Sekolah bukan hanya mengajar ilmu pengetahuan dunia namun juga memenuhi kebutuhan spiritual manusia untuk makin mengenal Tuhan. Bukan nasionalisme sekuler yang malah jauh dari agama.
Londo Ireng
Sekolah Kiai Dahlan membentuk manusia pejuang agama. Berangkat dari nilai Islam untuk kemaslahatan manusia. Sekolah sekuler menciptakan londo ireng. Orang pribumi berpikiran Belanda. Kebarat-baratan. Keturunannya masih banyak saat ini. Itu, orang-orang yang sekarang makin radikal mencaci maki sak enak udele menyebut kaum muslim sebagai anti Pancasila, intoleran, anti bhineka, teroris. Seolah-olah mereka saja yang berjasa atas negeri ini dan ingin menguasai sendirian.
Mungkin karena berjuang pada inovasi pendidikan Islam gaya baru itu, Kiai Dahlan tidak dianggap sebagai tokoh pendidikan nasional. Sejarah hanya dikuasai orang-orang sekuler ya begini ini isinya. Padahal sekolah yang dirintis Kiai Dahlan sekarang berkembang luar biasa menjadi puluhan ribu tersebar di seluruh nusantara.
Mulai TK hingga perguruan tinggi. Bahkan Muallimin Muhammadiyah Yogyakarta masih eksis hingga kini menjadi sekolah unggulan yang mengader dai-dai muda brilian.
Keberhasilan Kiai Dahlan bukan hanya mampu membangun sekolah tapi juga mencetak kader-kader penerus perjuangannya yang mengembangbiakan sekolah itu terus update sesuai kebutuhan zaman. Bandingkan dengan keadaan Taman Siswa yang didirikan Ki Hajar Dewantoro tahun 1922.
Kiai Dahlan mengajar di sekolah Belanda namun tidak menjadi londo ireng. Dia mengajar nilai spiritual di sekolah itu. Dia juga membuka pesantren di Kauman Yogya tahun 1911, namun santrinya tidak ndesit.
Kunci Keberhasilan
Apa kunci keberhasilan Kiai Dahlan? Pertama, rela berkorban. Kisah Kiai Dahlan memukul kentongan di siang hari di kampung Kauman sudah sangat populer. Kiai Dahlan memanggil orang kampung untuk menjual perabotan rumahnya. Butuh biaya menggaji guru.
Kedua, memberi teladan. Kisah Kiai Dahlan mengajarkan surat al-Maun kepada santrinya juga jamak menjadi bahan ceramah di mana-mana. Kiai Dahlan tidak hanya menghafalkan ayat-ayat al-Quran tapi juga praxis perintah ayat itu langsung dilakukan. Hasilnya kader militan.

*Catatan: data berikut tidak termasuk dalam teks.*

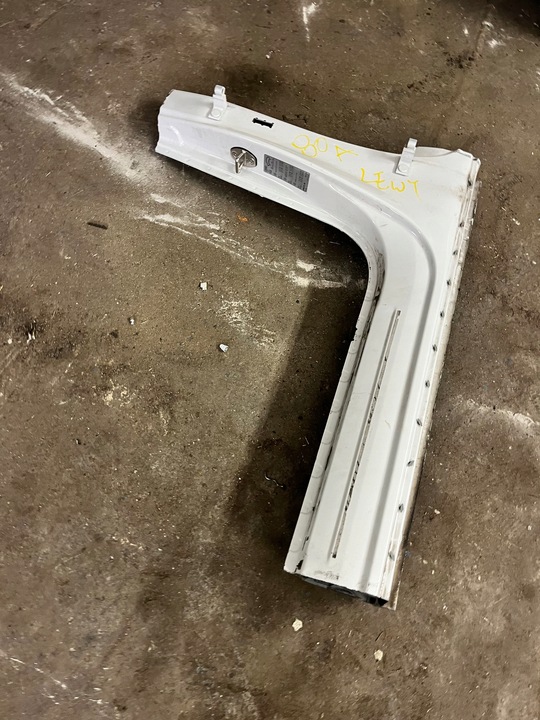 фото №3, Audi q5 ii 80a чверть ліва лівий стійка b середній двері поріг петлі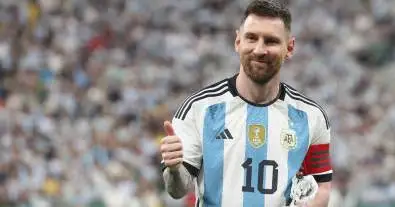 ميسي يوصي وفليك يقتنع.. برشلونة يجهز مفاجأة هجومية مدوية بعد كأس العالم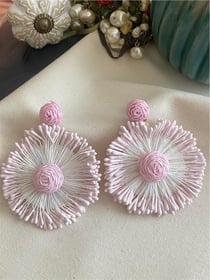 Hasır Tasarım Açık Pembe Çiçek Küpe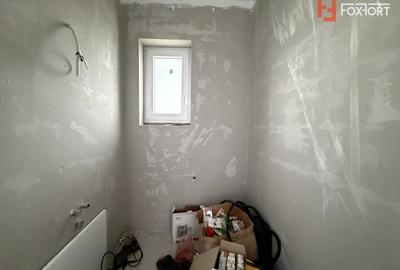 Duplex cu 3 camere cu Canalizare în Moșnița Veche - 10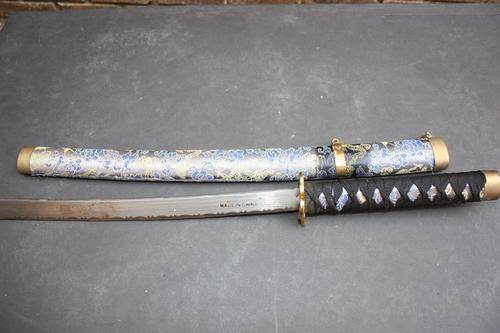 ORNAMENTAL PHANTASY SWORD - 580 MM LONG - PLEASE HAVE A LOOK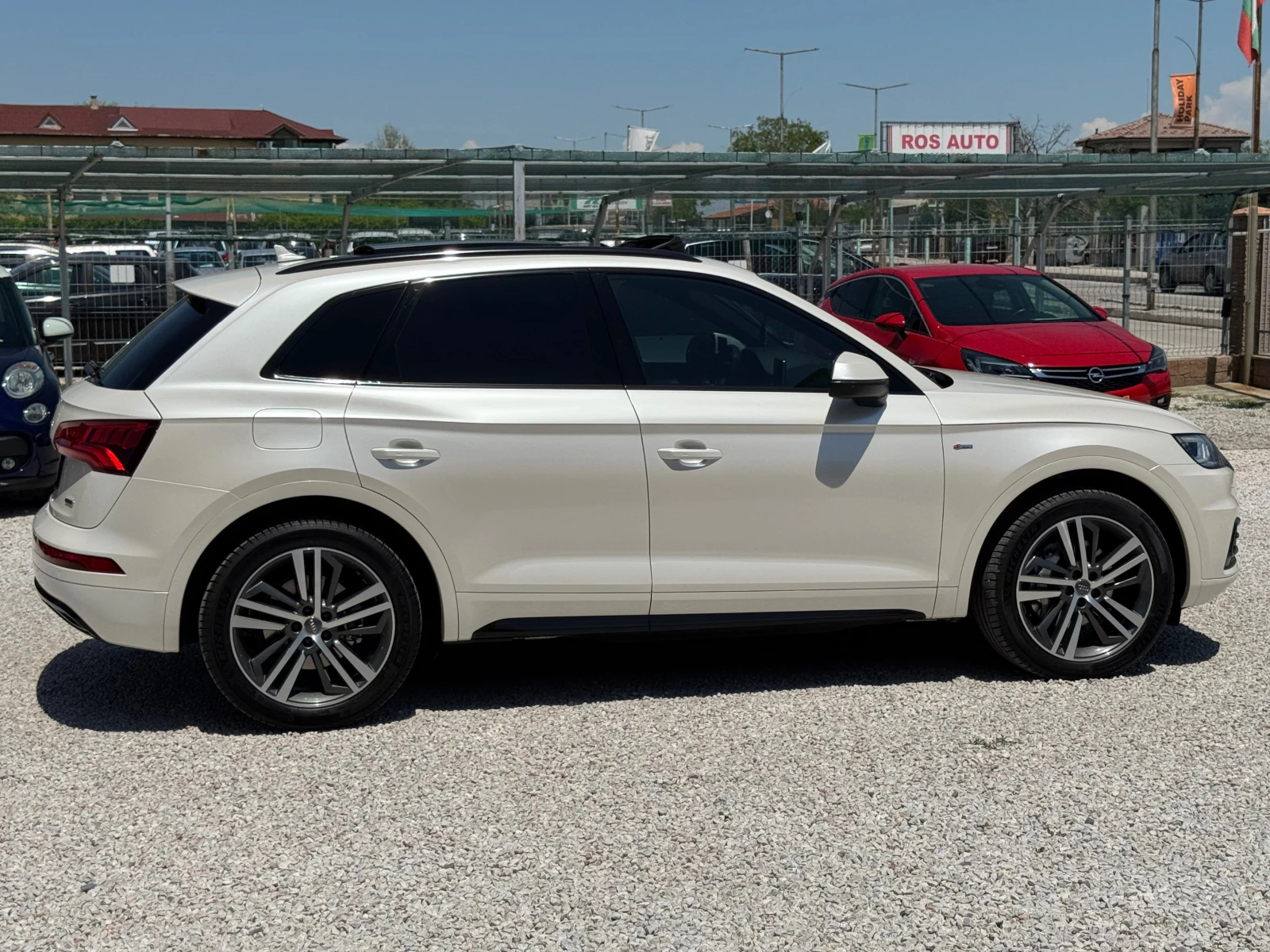 Audi Q5 3.0TDI* S-LINE* NAVI* DISTRONIK* LIZING - изображение 4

Ketiga, membangun jaringan. Kiai Dahlan bukan kaum santri kuper. Pergaulannya luas. Bisa diterima mengajar di sekolah Belanda itu menunjukkan kehebatannya. Bayangkan, dia bukan lulusan sekolah Eropa tapi pesantren.
Kiai Dahlan juga bergaul dengan aktivis pergerakan Budi Utomo di Yogya. Itu dia lakukan demi mengembangkan Muhammadiyah dikenal luas di kalangan priyayi dan rakyat jelata. Buktinya, para priyayi ini lantas menjadi pengurus Hoofdbestuur Muhammadiyah.
Kiai Dahlan pun berhubungan baik dengan Sultan Yogya dan pejabat istana. Dua kali naik haji dibiayai kerajaan. Diangkat menjadi khatib amin penghulu kerajaan dan imam Masjid Gede.
Meskipun pernah berselisih paham dengan hoofdpenghulu istana hingga Langgar Kidulnya dibakar massa, akhirnya mampu menyelesaikan konflik itu dengan damai. Keberadaannya bisa diterima kembali di kalangan ulama istana.
Kiai Dahlan pun bisa membangun komunikasi baik dengan Sultan Yogya. Misalnya, ketika memberitahukan perbedaan tanggal Idul Fitri yang mendahului acara Gerebek Syawal bisa diterima oleh sultan.
Dari daftar pengalaman hidup seperti itu maka kalau mencari tokoh pendidikan paling hebat ya KH Ahmad Dahlan. (*)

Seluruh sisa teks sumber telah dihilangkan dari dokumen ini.